§ EXERCISE DESCRIPTION:
Please reproduce the listing verbatim, without its images.

§ DATASET EXTRACT:
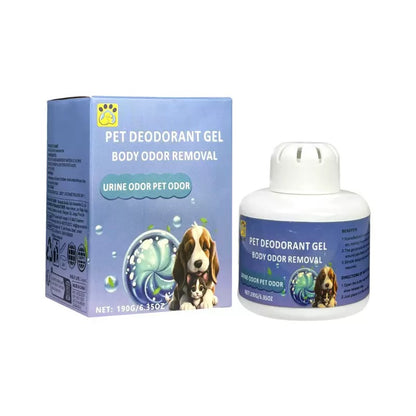 Ambientador desodorizante de olor para areas con mascotas 6.50z
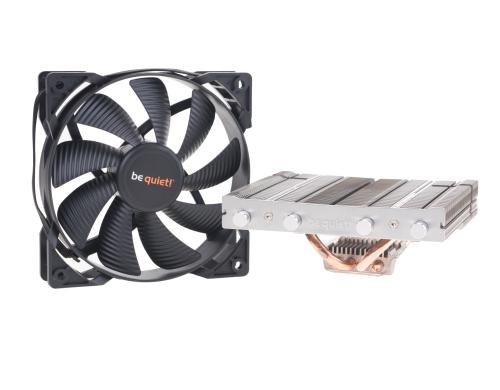 Kühler be quiet! Shadow Rock LP Intel Sockel 1366/115x/2011,AM2(+)/AM3(+)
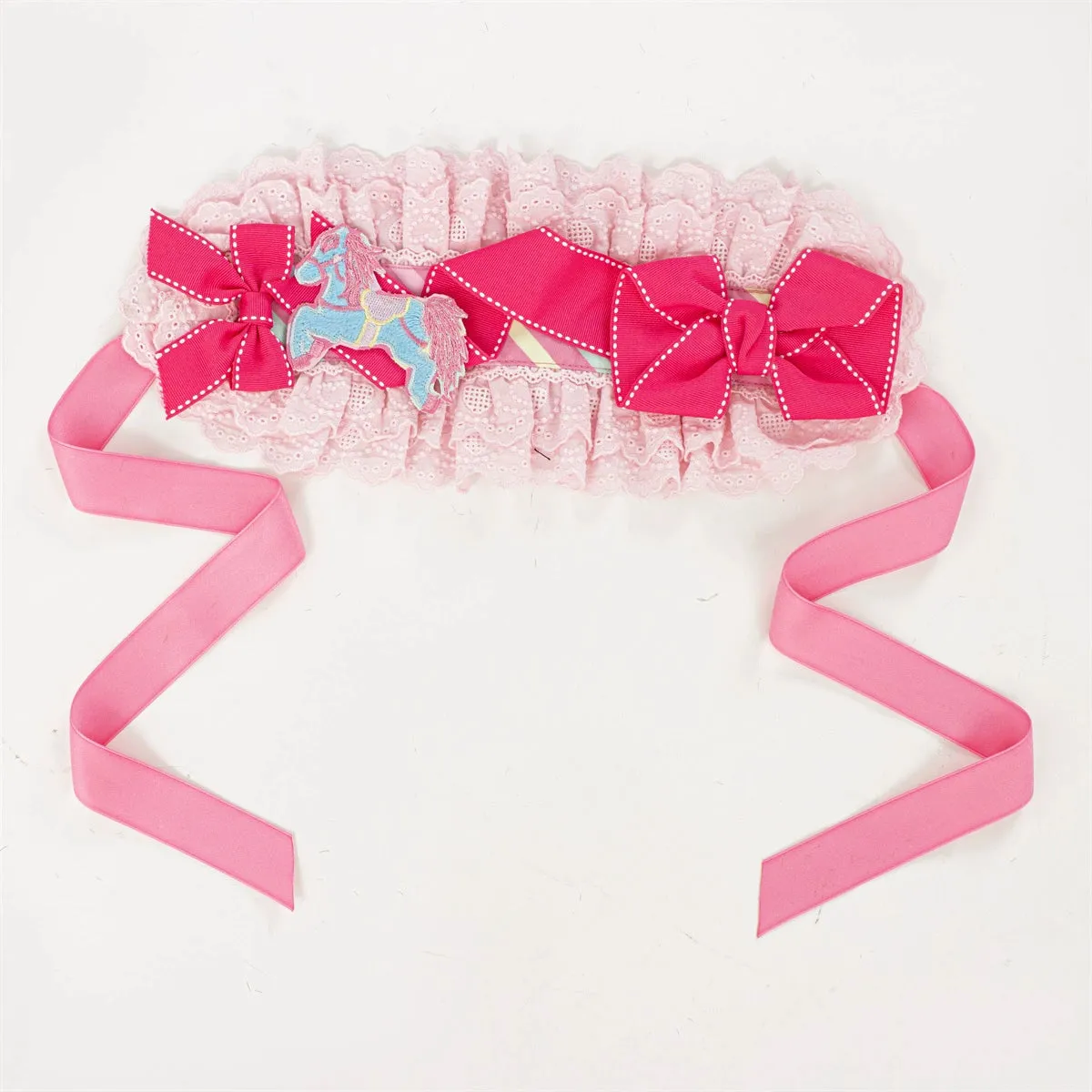 (Buyforme)Letters from Unknown Star~Candy Park Salopette Sweet Lolita Jumper Dress Set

§ ANSWER SPACE:
 Ambientador desodorizante de olor para areas con mascotas 6.50z
 Kühler be quiet! Shadow Rock LP Intel Sockel 1366/115x/2011,AM2(+)/AM3(+)
 (Buyforme)Letters from Unknown Star~Candy Park Salopette Sweet Lolita Jumper Dress Set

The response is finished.